# Coule questions- food grade buckets, berkey filters, storage



## nathan104 (Nov 16, 2007)

I have a few random questions I was hoping to get some quick answers for. Ive been reading this forum for a while but have only recently really began to prep. Here are my questions.

I got a pair of the black big berkey filters. I will be using two 5 gallon buckets to construct my own system for them. Had a buddy ask me about the black berkey filters ability to filter either urine or grey water into drinking water. Id think not but wanted to ask to make sure. I know they can filter nasty stagnant water so who knows. 

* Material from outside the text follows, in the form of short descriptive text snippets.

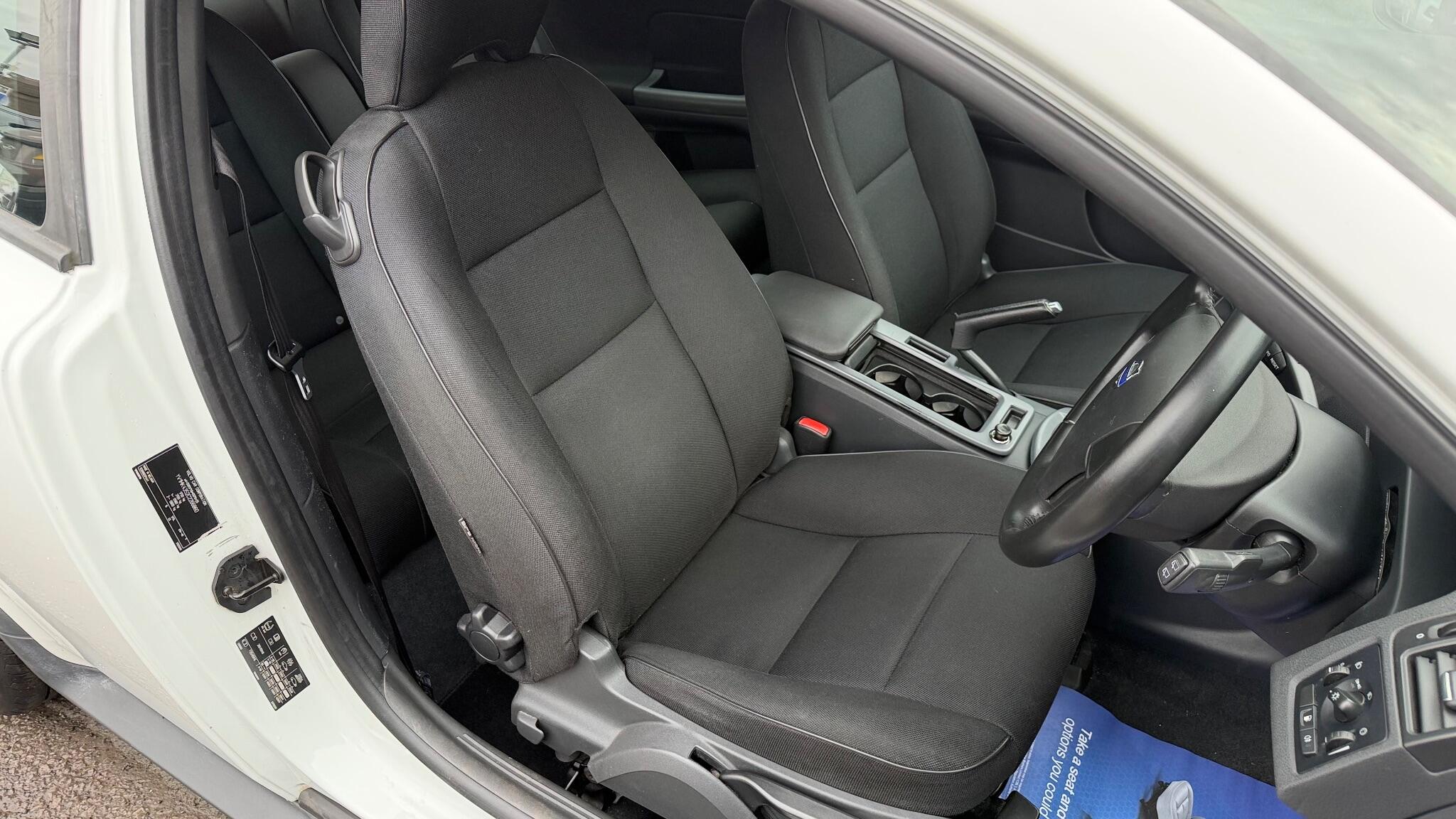 Volvo C30 2.0 ES Sports Coupe Euro 5 3dr 3dr Manual 2011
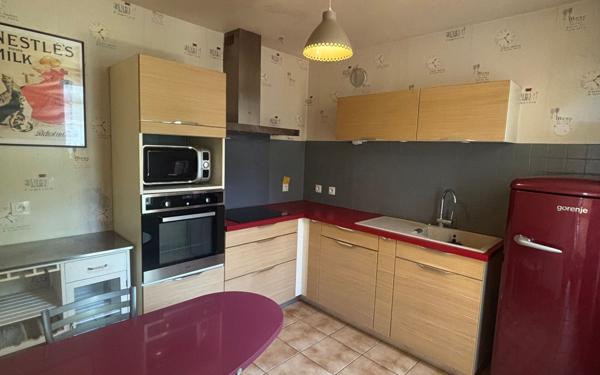 Maison à vendre    3 pièces • 78 m2 Jouhet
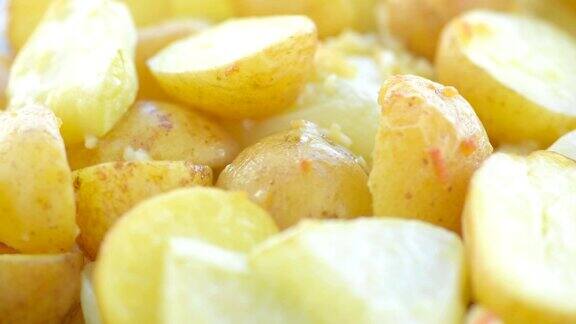 土豆西葫芦片在烤箱里烤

Also, went to Lowes to buy my 5 gallon buckets. They had white 5 gallon buckets in the paint section. But, nothing said food grade and none of the people who worked there could help me. Since these will have drinking water in it, I dont want to get the wrong kind and have chemicals leach from the plastic into the water or any food I store in them. So, how do I tell if a 5 gallon bucket is food grade? 

Last, I bought 50lbs of white rice and 50 lbs of beans at Sams. The beans are in a heavy paper bag like a feed bag and the rice is in white woven looking bags. Once I get my food grade buckets, can I just leave the rce in the bags they are in, throw them in a bucket, drop an O2 absorber in it and put the lid on it? OR do I need to put them in mylar bags and try to vacuum seal them first? The beans will have to be opened up and split up into two seperate buckets. Do they need to be in a mylar bag and sealed in the bucket or can you just pour the beans in the bucket with an o2 absorber and seal it up? 

Thanks for any help yall can offer. Im just getting started but very serious on getting it done as quickly and correctly as possible. Im sure Ill have more questions. I really enjoy the forum. My next thing to tackle is to get the equipment and learn how to can.


----------



## unregistered29228 (Jan 9, 2008)

I'm sure you'll get some great answers from the pros on this board but I wanted to tell you that I've also bought beans, rice, flour, sugar and other things in large bags from Costco. I package them in vacuum bags of about 5 pounds each and then store them in buckets. That way I only open a reasonable amount at a time, and the quality of the bucket isn't as important. I've also bought gamma seals for buckets, which let you screw off the lid and seal it back. But I still prefer the individual bags to protect it all from bugs, moisture and air. Be sure to freeze the rice and beans for a couple days each (you can set them outside if you're in a cold climate) in order to make sure there aren't any bugs or eggs in it.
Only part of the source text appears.